Greek Restaurant Offers its Own ‘Greek Bailout’

Paula Douralas, the owner of Santorini Grill, has invented her own version of a “Greek bailout” at her Williamsburg restaurant. Since November, she has run her restaurant under a “Pay what you want” policy, The Brooklyn Ink reported.

“People are shocked, afraid of it. I can see it in their faces,” said Douralas, while taking a smoke break in back of the restaurant. Douralas, 55, has cropped blonde hair and a blunt but good-natured attitude. “They go by. They read it. They are like ‘What is this? It’s too good to be true. What’s the catch?’”

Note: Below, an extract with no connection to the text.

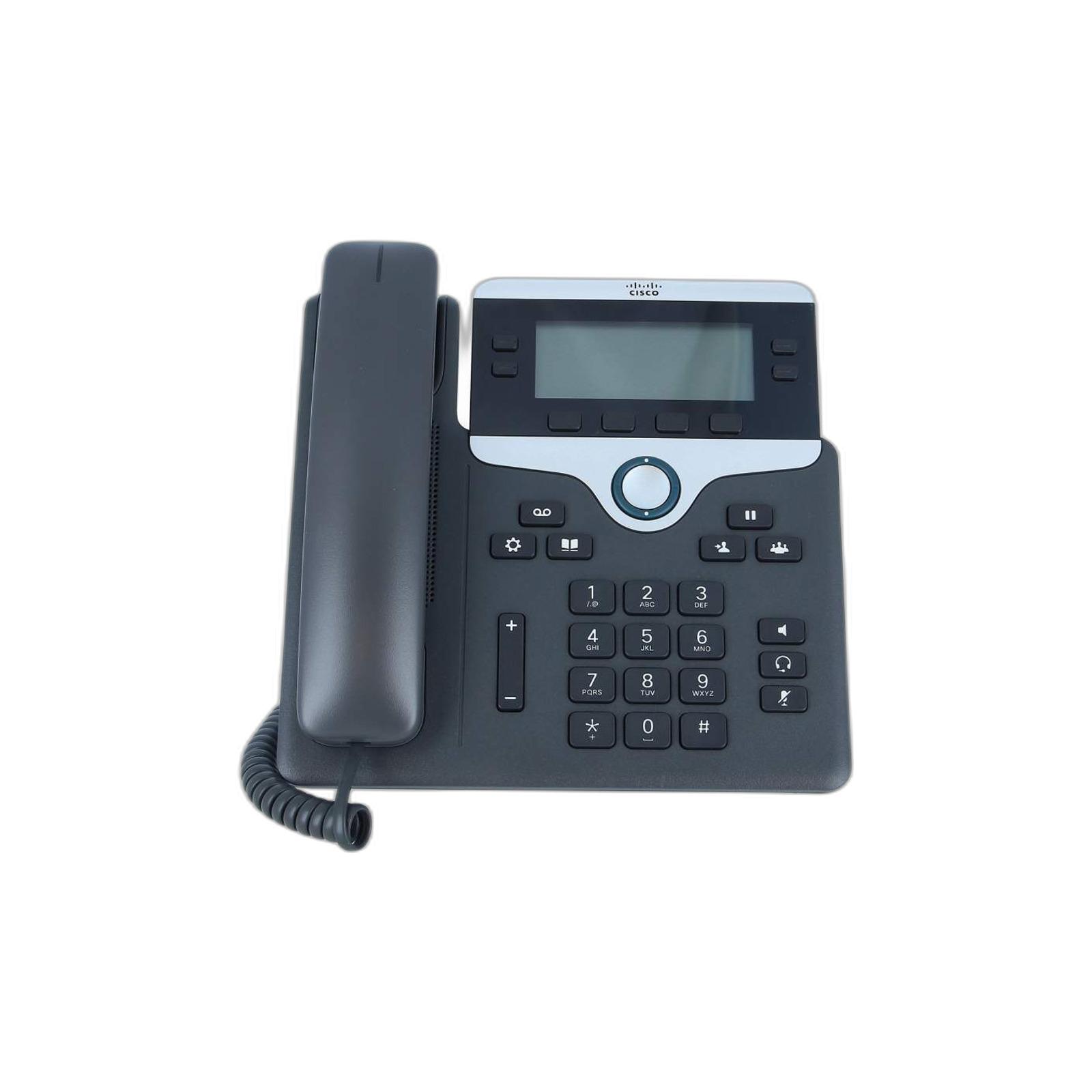 Cisco CP-7821-3PCC-K9= CISCO IP Phone 7821 VoIP Phone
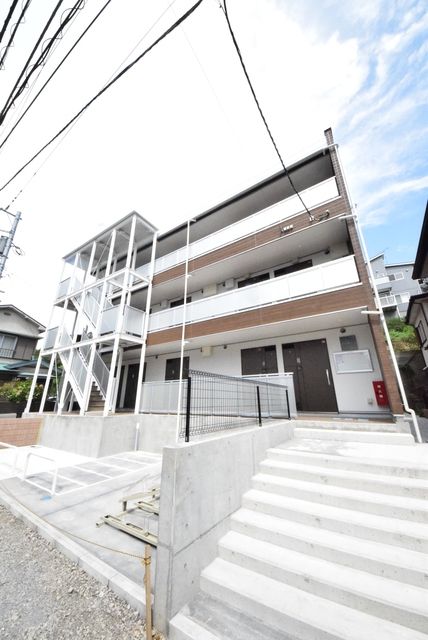 建物外観　★外観★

She insists that the plan is working, although, on a recent Friday night, the restaurant was about half full.“It hasn’t hurt me,” Douralas said. “It brings a lot of people that didn’t know I existed.” She said the first three weeks were busy with all the media attention, but now she has a steady stream of new diners and estimates a 15 percent increase in customers. She has recently decided to extend the pay-as-you-feel plan indefinitely.

Still, the approach comes with some risks, according to Professor Martin Natter, Chair of Retailing at University of Frankfurt in Germany who co-authored a paper on pay-what-you-want pricing mechanisms for the Journal of Marketing in 2009. The Brooklyn Ink reports:

The study found that customers may appreciate the novelty of the concept and that long-term relationships and loyalty to a certain business may increase the price paid.  “If several persons jointly visit a pay-what-you-want restaurant, social norms may be pretty strong,” he wrote in an e-mail. “Nobody wants to lose his face by paying very low prices.”

The result was some confusion. New customers had to quell their fear that the whole pay-what-you-feel deal wasn’t a scam. Then they have to navigate a menu that lacks both prices and descriptions of the dishes; diners are left to ask the waiter or often Douralas herself what, precisely, they’re ordering. (The food is standard Greek fare done well.)

Douralas isn’t the only one turning to “pay what you will” as a recession strategy. The rocker John Bon Jovi recently told Grub Street about a New Jersey restaurant he recently opened through his charity, JBJ Soul Foundation, where patrons pay what they can, or volunteer in exchange for food.

The bailout starts November 4th

The Santorini Grill offeres a different sort of Greek bailout plan.

What do you make of this trend, readers? Does “pay what you will” attract you to a restaurant, or is the policy off-putting?